Source: Nvidia website
[The China Focus at The Carter Center, in cooperation with the China Focus at the University of California, San Diego, and the 1990 Institute, organized an essay contest in honor of President Jimmy Carter. This essay, by Pablo Dufour of The London School of Economics and Political Science (LSE), received The 1990 Institute Prize. Read more HERE.]
In 2015, China made a promise to itself that the rest of the world could not afford to ignore. The launch of ‘Made in China 2025’ (MIC2025) identified ten strategic sectors in which China sought to boost its global competitiveness and ascend as a leading manufacturing power. MIC2025 was more than an industrial strategy; it was a national manifesto to transform the country from ‘the world’s factory’ into a technological powerhouse. Ten years on, it’s time to ask if China has achieved what it set out to do. This essay zeroes in on two particularly illustrative sectors, robotics and aerospace, to assess both the triumphs and the turbulence of China’s quest for technological leadership. It argues that in robotics, China has turned scale and statecraft into decentralized market power, dominating global mid-tier segments and redefining what industrial success looks like. Aerospace, however, exposes the inertia of dependency, where Chinese ambitions of sovereignty remain hamstrung by foreign components and certification bottlenecks. Together, these sectors offer a revealing lens into China’s techno-political future of self-reliance: a state caught between what it can build and what it cannot yet own.

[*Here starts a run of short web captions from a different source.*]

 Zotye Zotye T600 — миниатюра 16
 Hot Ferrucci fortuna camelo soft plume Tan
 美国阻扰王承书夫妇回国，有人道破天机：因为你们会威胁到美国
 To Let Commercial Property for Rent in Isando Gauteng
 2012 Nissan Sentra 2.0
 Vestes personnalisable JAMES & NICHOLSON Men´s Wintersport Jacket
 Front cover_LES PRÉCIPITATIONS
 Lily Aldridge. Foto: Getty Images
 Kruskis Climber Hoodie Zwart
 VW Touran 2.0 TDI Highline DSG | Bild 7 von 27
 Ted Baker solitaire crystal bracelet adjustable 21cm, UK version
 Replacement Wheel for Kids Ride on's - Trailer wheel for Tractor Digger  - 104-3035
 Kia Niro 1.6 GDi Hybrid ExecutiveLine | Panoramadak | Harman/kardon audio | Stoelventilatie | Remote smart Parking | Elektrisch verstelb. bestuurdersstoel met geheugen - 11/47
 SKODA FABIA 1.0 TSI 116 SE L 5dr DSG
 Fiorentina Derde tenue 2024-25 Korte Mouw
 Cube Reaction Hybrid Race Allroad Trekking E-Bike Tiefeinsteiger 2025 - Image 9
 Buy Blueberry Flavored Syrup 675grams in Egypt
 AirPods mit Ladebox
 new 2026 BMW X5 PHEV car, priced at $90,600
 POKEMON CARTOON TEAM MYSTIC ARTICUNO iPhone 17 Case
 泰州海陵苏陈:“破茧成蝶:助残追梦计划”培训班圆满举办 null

Mid-Tier, Max Power: How China Reprogrammed the Robotics Race
Among the industries prioritized by MIC2025, robotics stood out not only as a litmus test of China’s industrial maturity but as a proxy for its wider push toward technological self-sufficiency. In 2014, China was already the world’s largest buyer of industrial robots (Powley 2014), yet the paradox was glaring: China was dependent on imports for high-precision equipment, core components, and software, especially from Japan, Germany, and the U.S. The MIC2025 plan aimed to end that dependency. A specific and audacious target was set, namely that by 2025, 70 percent of domestically sold industrial robots should be manufactured by Chinese firms (Jourdan et al. 2018). As we arrive in 2025, the evidence suggests not only that China has come remarkably close to fulfilling this goal, but that it has reshaped the global robotics hierarchy in the process.
According to the U.S.-China Economic and Security Review Commission (2025), China now installs more than half of the world’s industrial robots, a striking rise from just 14 percent ten years ago. Fast-growing segments like SCARA (Selective Compliance Assembly Robot Arm) and collaborative robots (cobots) were achieved through a confluence of targeted subsidies and procurement incentives that fostered rapid scaling. Firms like Estun, Efort, and Siasun have emerged as increasingly credible challengers to Western incumbents. According to the president of the International Federation of Robotics (IFR), China has overtaken Germany in robot density and now holds the third-highest position globally, following South Korea and Japan (International Federation of Robotics 2024). This marks a remarkable shift, especially considering China only entered the global top ten in 2019
(Handelsblatt 2024). Through the Belt and Road Initiative (BRI), China has internationalized its robotics ambitions, moving from automation follower to global frontrunner. As Andreoni et al. (2024) observe, the BRI has been reoriented to serve as a platform for expanding market access for Chinese robotics firms, drawing in capital for technological upgrades and shaping industry standards. Therefore, MIC2025 transformed robotics from a sectoral success story into a geopolitical tool through which China exports not only machines but also influence.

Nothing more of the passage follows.